From the entries below, copy out all lines holding "pokok".

= = = = =

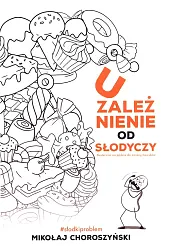 Uzależnienie od słodyczy i skuteczne narzędzia,Mikołaj Choroszyński
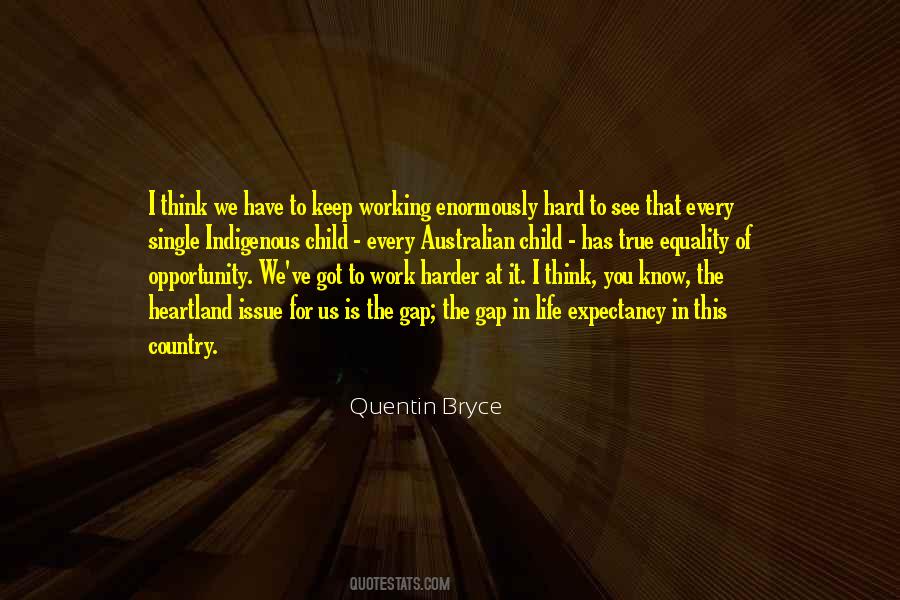 Quentin Bryce Quotes #1311026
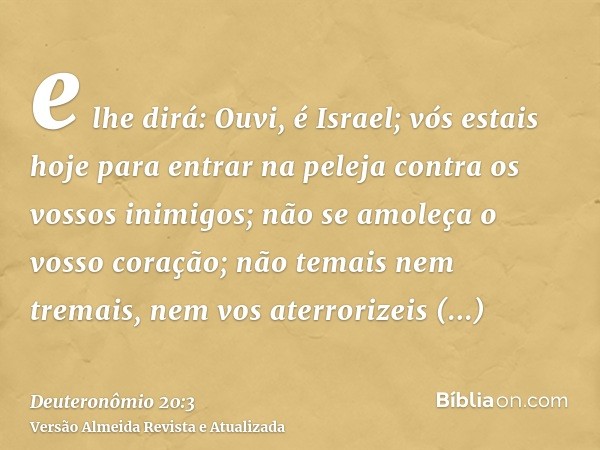 e lhe dirá: Ouvi, é Israel; vós estais hoje para entrar na peleja contra os vossos inimigos; não se amoleça o vosso coração; não temais nem tremais, nem vos ate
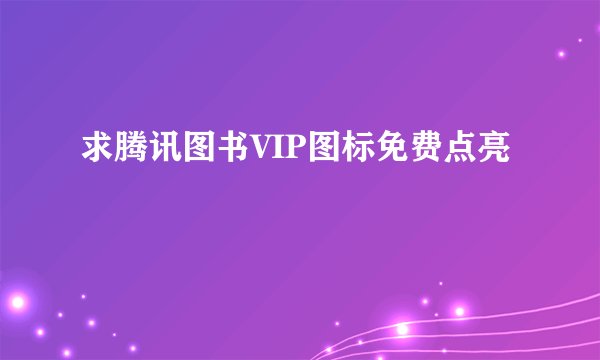 求腾讯图书VIP图标免费点亮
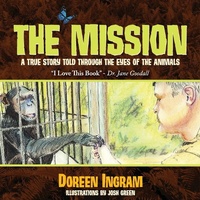 Enlarge image Cover: The Mission - Ingram Swanson & Co., LLC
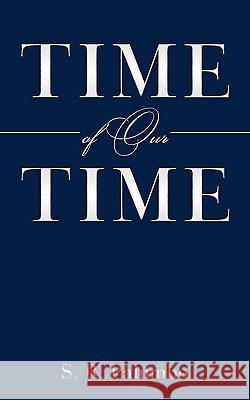 Time of Our Time S. R. Palumbo 9781438981697 Authorhouse - książka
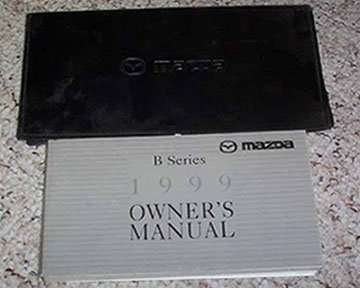 1999 Mazda B Series Pickup Owner's Manual Set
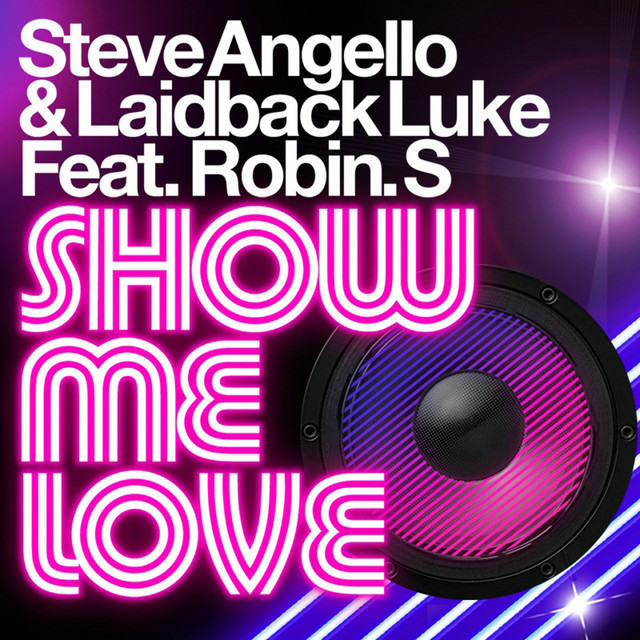 کاور آهنگ Show Me Love - Afrojack Short Remix از AFROJACK, Steve Angello, Laidback Luke, Robin S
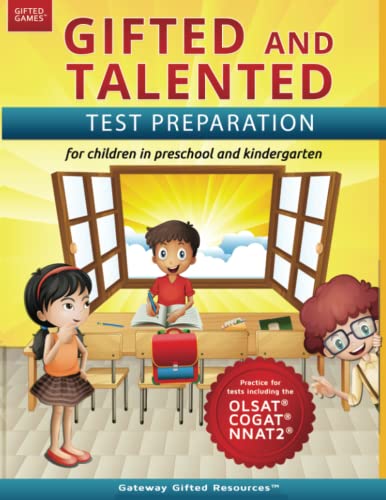 Gifted and Talented Test Preparation: Gifted test prep book for the OLSAT, NNAT2, and COGAT; Workbook for children in preschool and kindergarten: Test ... in kindergarten/preschool (Gifted Games)
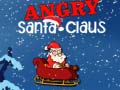                                                                     Angry Santa-Claus קחשמ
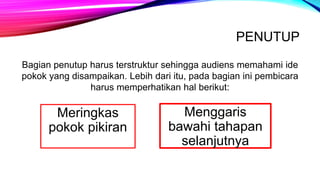 PENUTUP
Bagian penutup harus terstruktur sehingga audiens memahami ide
pokok yang disampaikan. Lebih dari itu, pada bagian ini pembicara
harus memperhatikan hal berikut:
Meringkas
pokok pikiran
Menggaris
bawahi tahapan
selanjutnya
 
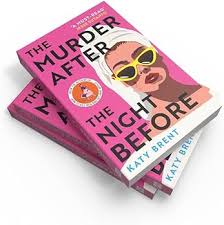 The Murder After the Night Before by Katy Brent – Psychological Mystery Thriller Novel, Hangover Amnesia Murder Investigation, Dark Humor Crime Fiction Bestseller, Modern Whodunnit Suspense Book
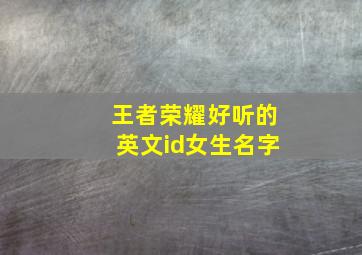 王者荣耀好听的英文id女生名字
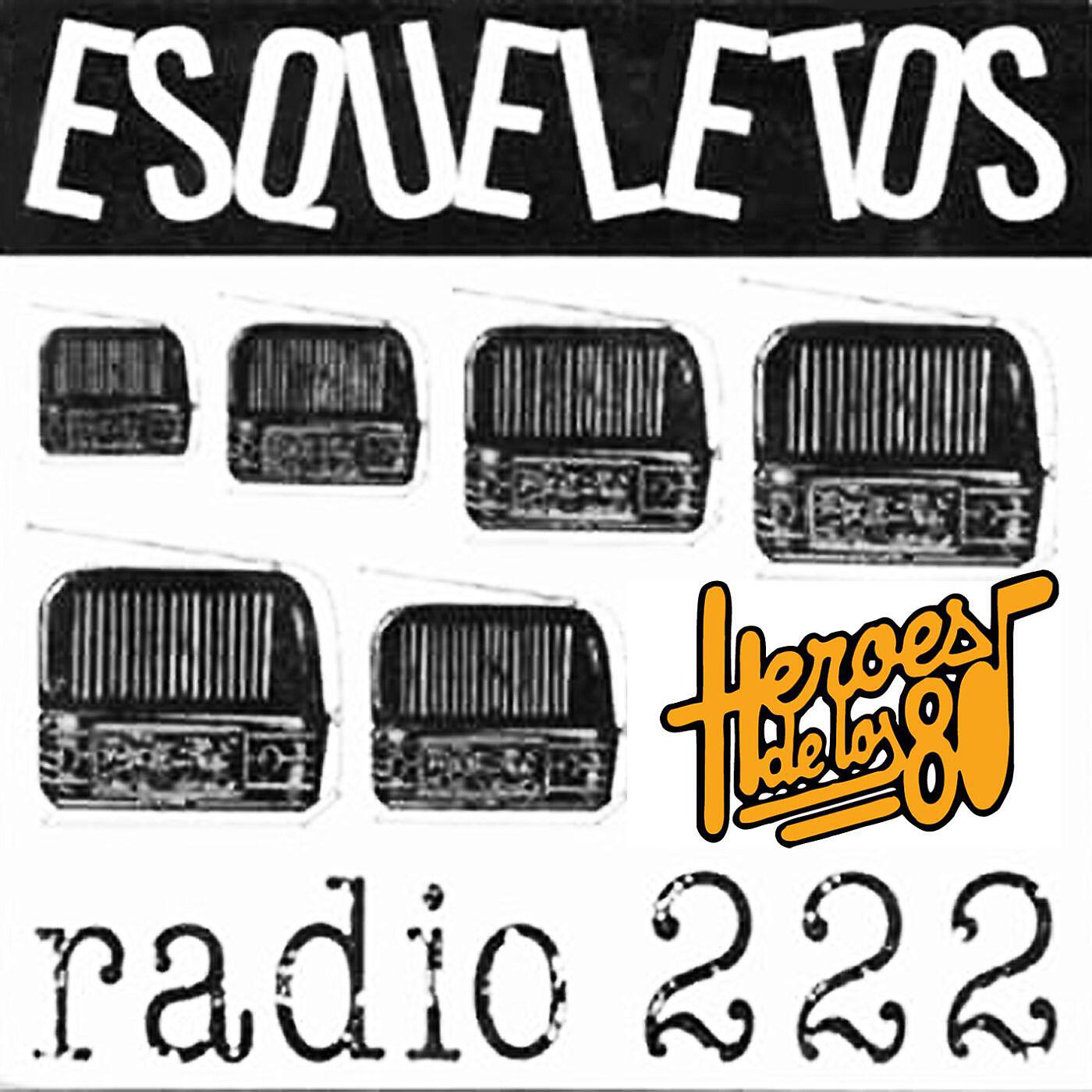 Релиз Héroes de los 80. Radio 222 (Remasterizado 2015)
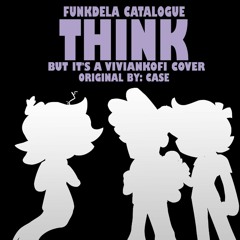 FNF Funkdela Catalogue: Think (VivianKofi Cover)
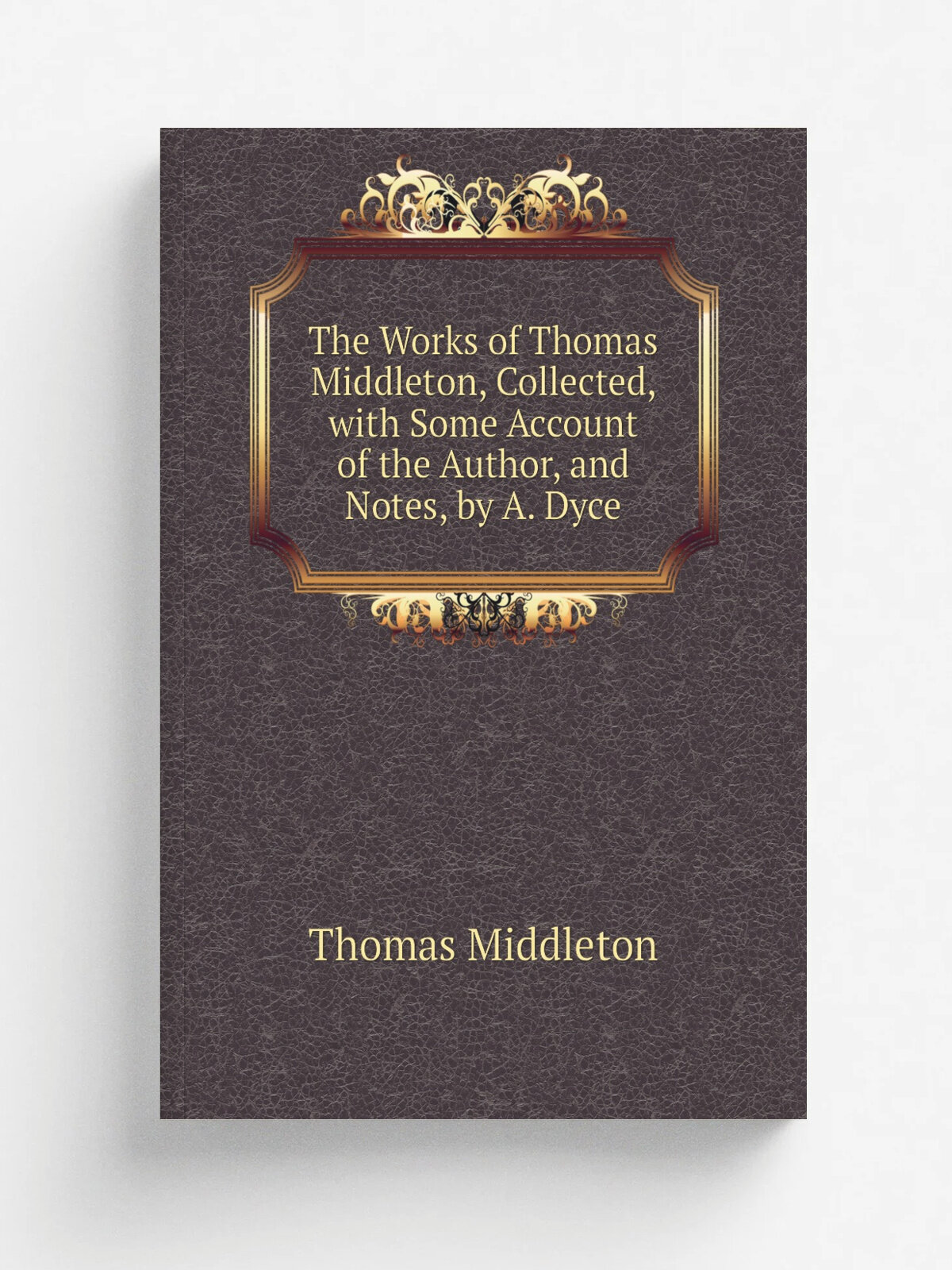 The Works of Thomas Middleton, Collected, with Some Account of the Author, and Notes, by A. Dyce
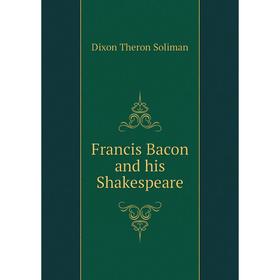 

Книга Francis Bacon and his Shakespeare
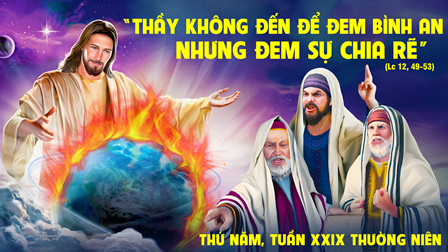 Suy niệm Tin mừng thứ Năm tuần XXIX Thường niên (Lc 12,49-53)
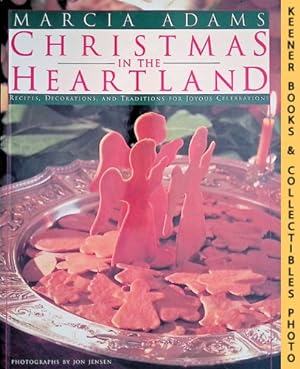 Christmas In the Heartland : Recipes, Decorations, And Traditions For Joyous Celebrations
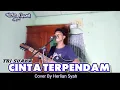 Download Lagu CINTA TERPENDAM - TRI SUAKA Cover By Herlian Syah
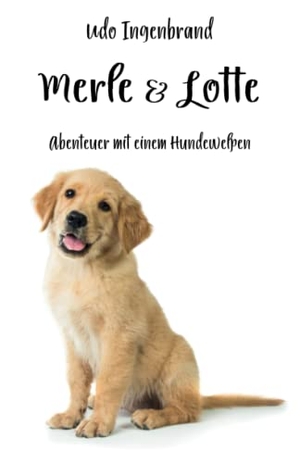 Ingenbrand, Udo (Hrsg.). Merle & Lotte - Abenteuer mit einem Hundewelpen. Papierfresserchens MTM-VE, 2022.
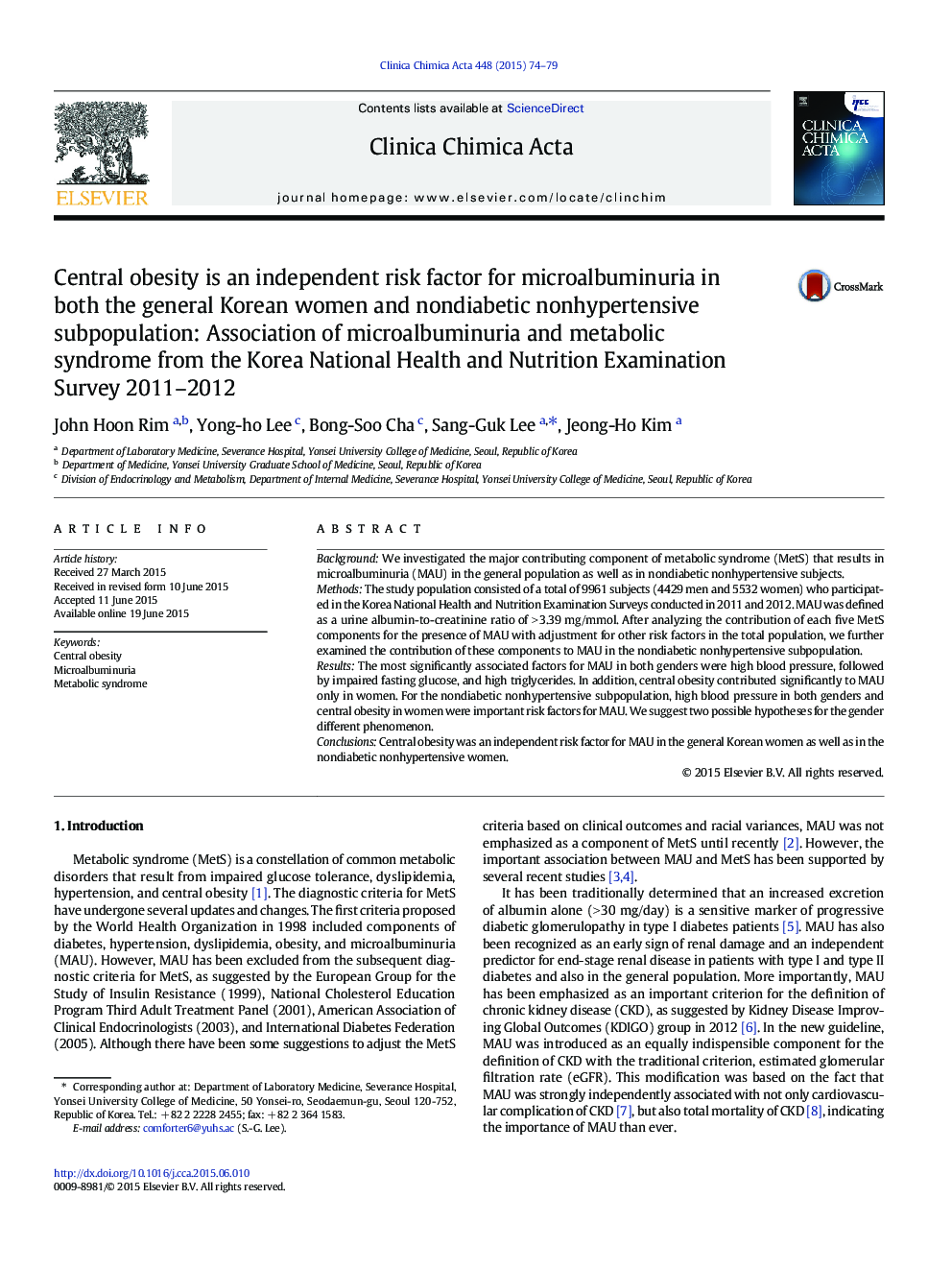 Central obesity is an independent risk factor for microalbuminuria in both the general Korean women and nondiabetic nonhypertensive subpopulation: Association of microalbuminuria and metabolic syndrome from the Korea National Health and Nutrition Examinat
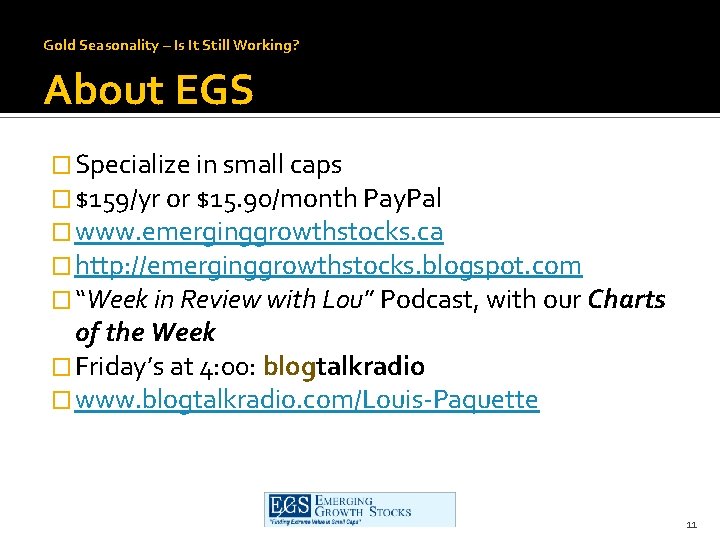 Gold Seasonality – Is It Still Working? About EGS � Specialize in small caps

= = = = =

| Result of the task |
pokok yang disampaikan. Lebih dari itu, pada bagian ini pembicara
pokok pikiran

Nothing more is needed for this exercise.